_Data records_:

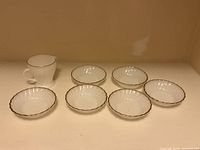 Creamer and six bowls lined up for full view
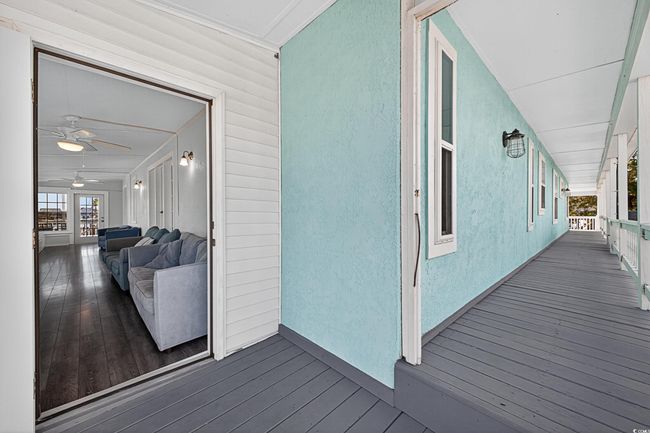Wooden deck with a ceiling fan | Image 25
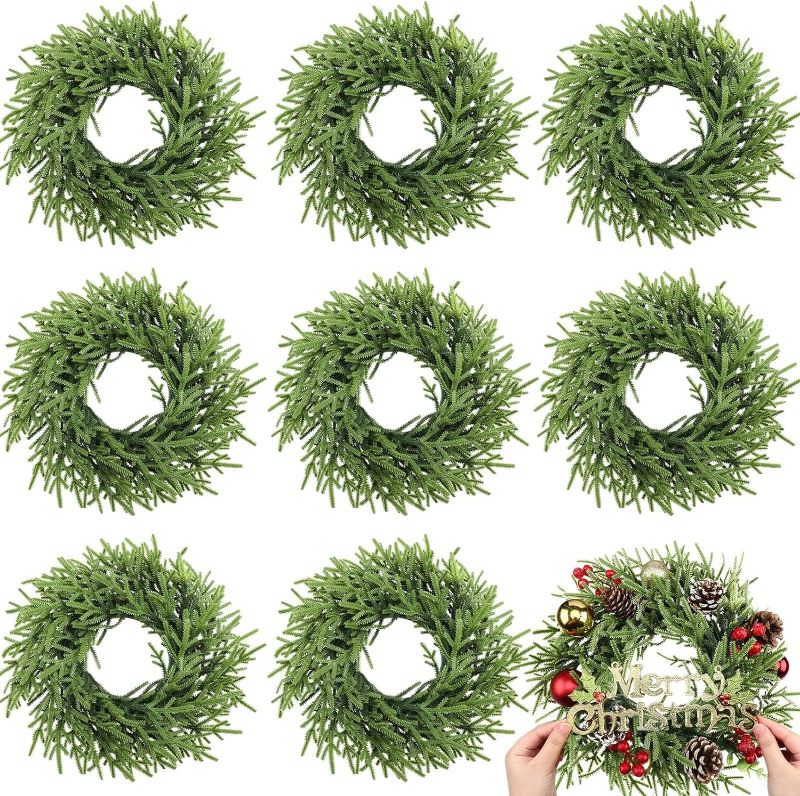 Photo 1 of  Zeyune 8 Pcs Christmas DIY Green Wreath 14 Inch Artificial Christmas Wreaths Faux Plain Wreaths for Decorating Front Door Window Room Farmhouse Christmas Party Indoor Outdoor (Stylish) 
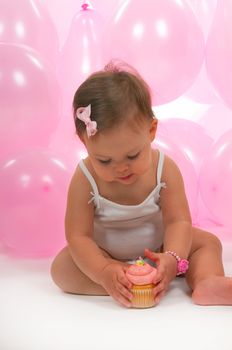 Baby eating her birhtday cupcake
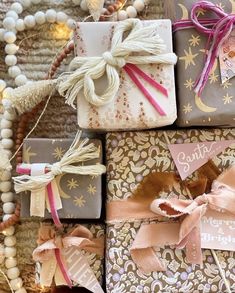 several wrapped presents sitting on top of a table next to beads and other items that are tied together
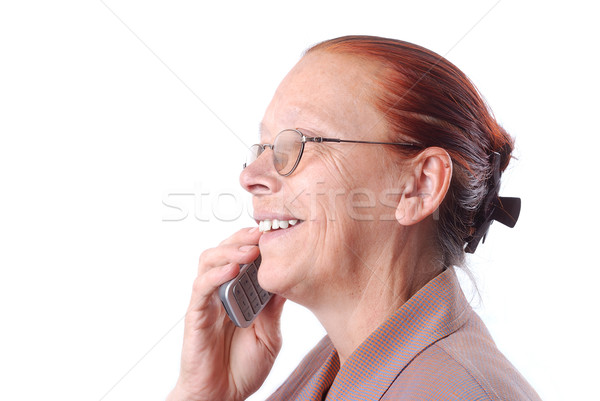 Middle aged woman talking on phone Stock photo © zurijeta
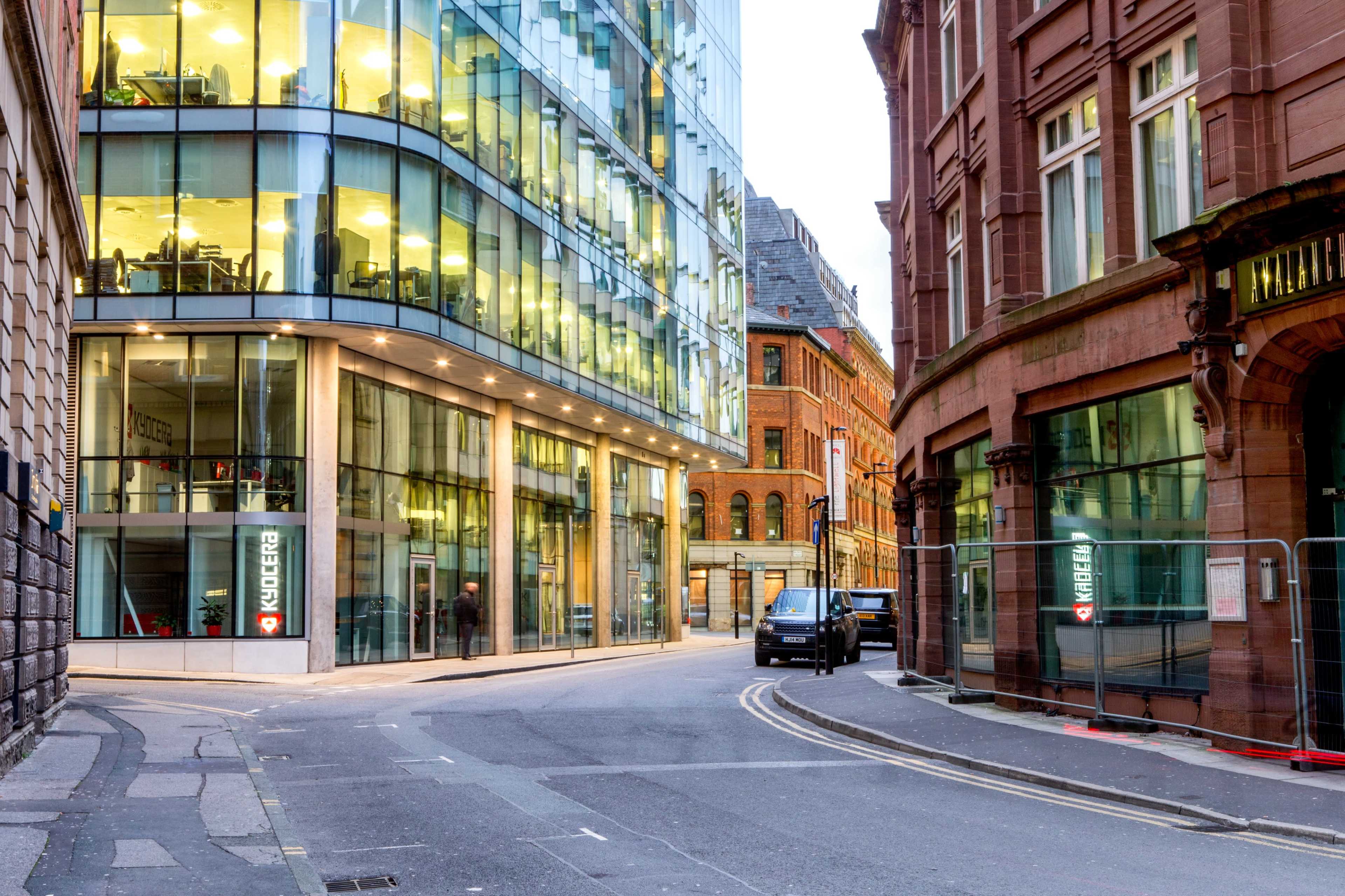 A modern glass building intersects with an older brick structure on a city street, where a van is parked near construction barriers.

_What to produce_: Where pictures appear, drop them, and reproduce exactly only the lines running from the beginning of the data to the line that contains "Middle aged woman", inclusive.

_Solved exercise_:
 Creamer and six bowls lined up for full view
Wooden deck with a ceiling fan | Image 25
 Photo 1 of  Zeyune 8 Pcs Christmas DIY Green Wreath 14 Inch Artificial Christmas Wreaths Faux Plain Wreaths for Decorating Front Door Window Room Farmhouse Christmas Party Indoor Outdoor (Stylish) 
 Baby eating her birhtday cupcake
 several wrapped presents sitting on top of a table next to beads and other items that are tied together
 Middle aged woman talking on phone Stock photo © zurijeta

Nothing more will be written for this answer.